-- DATA follows --

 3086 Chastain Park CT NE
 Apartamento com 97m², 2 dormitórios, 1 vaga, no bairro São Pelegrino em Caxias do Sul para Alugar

-- DATA concluded --
-- DATA follows --

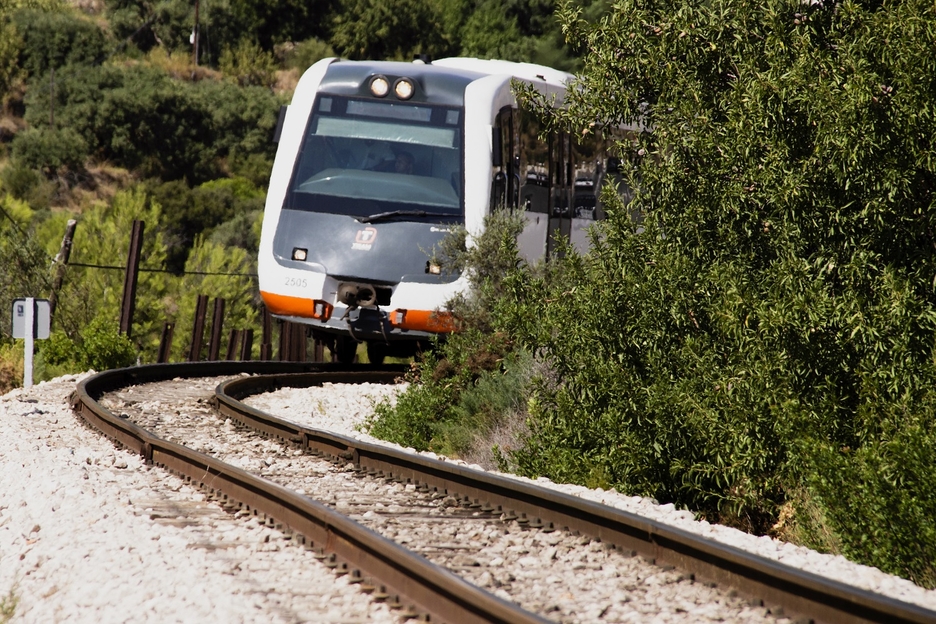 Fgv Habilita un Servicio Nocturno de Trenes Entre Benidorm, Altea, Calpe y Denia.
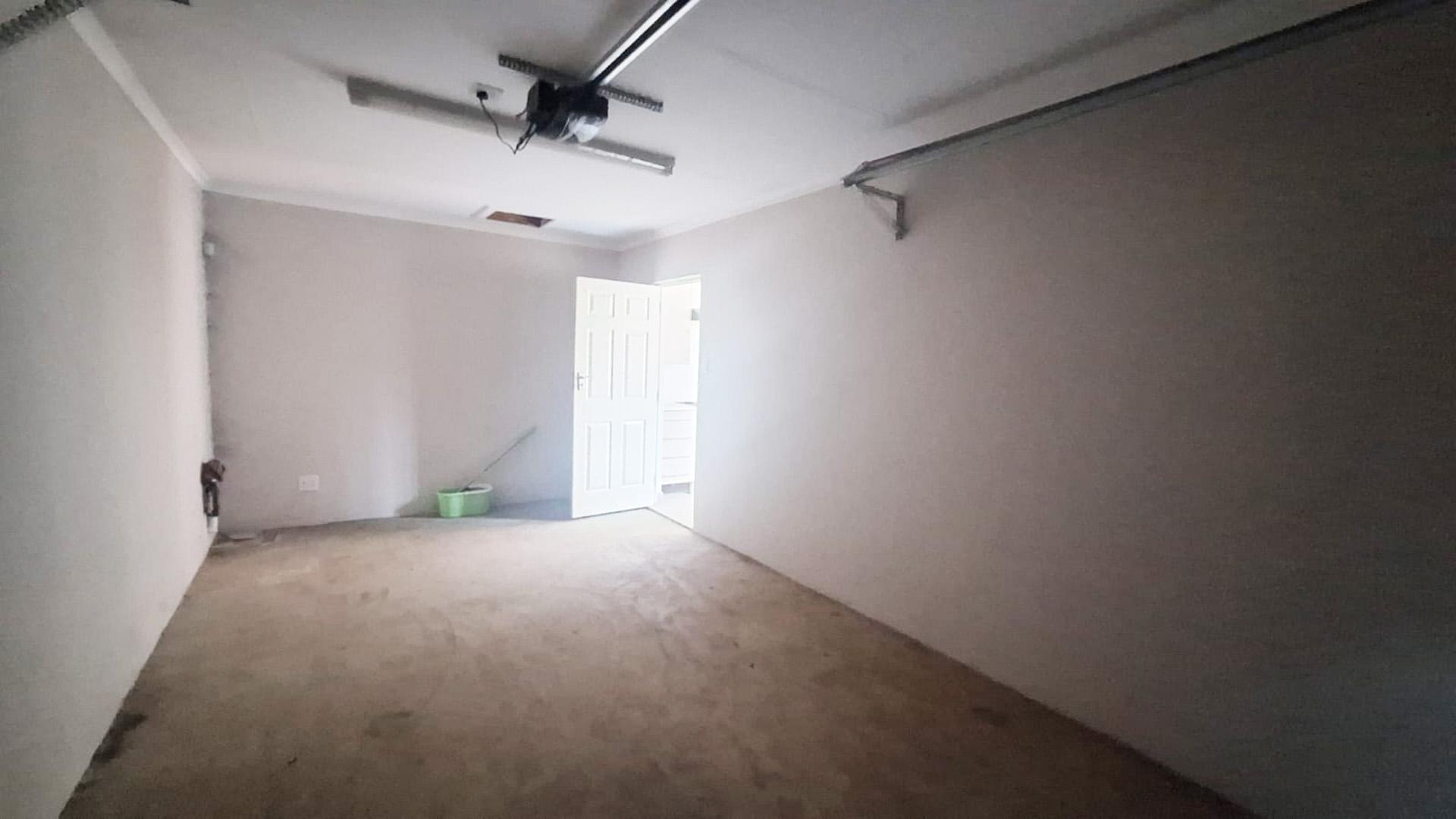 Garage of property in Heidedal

-- DATA concluded --

TASK DESCRIPTION
Your answer should be the exact lines above from the one containing "Fgv Habilita un" through the one containing "Garage of property in Heidedal", with both end lines kept and the pictures removed, please.

TASK RESULT
 Fgv Habilita un Servicio Nocturno de Trenes Entre Benidorm, Altea, Calpe y Denia.
 Garage of property in Heidedal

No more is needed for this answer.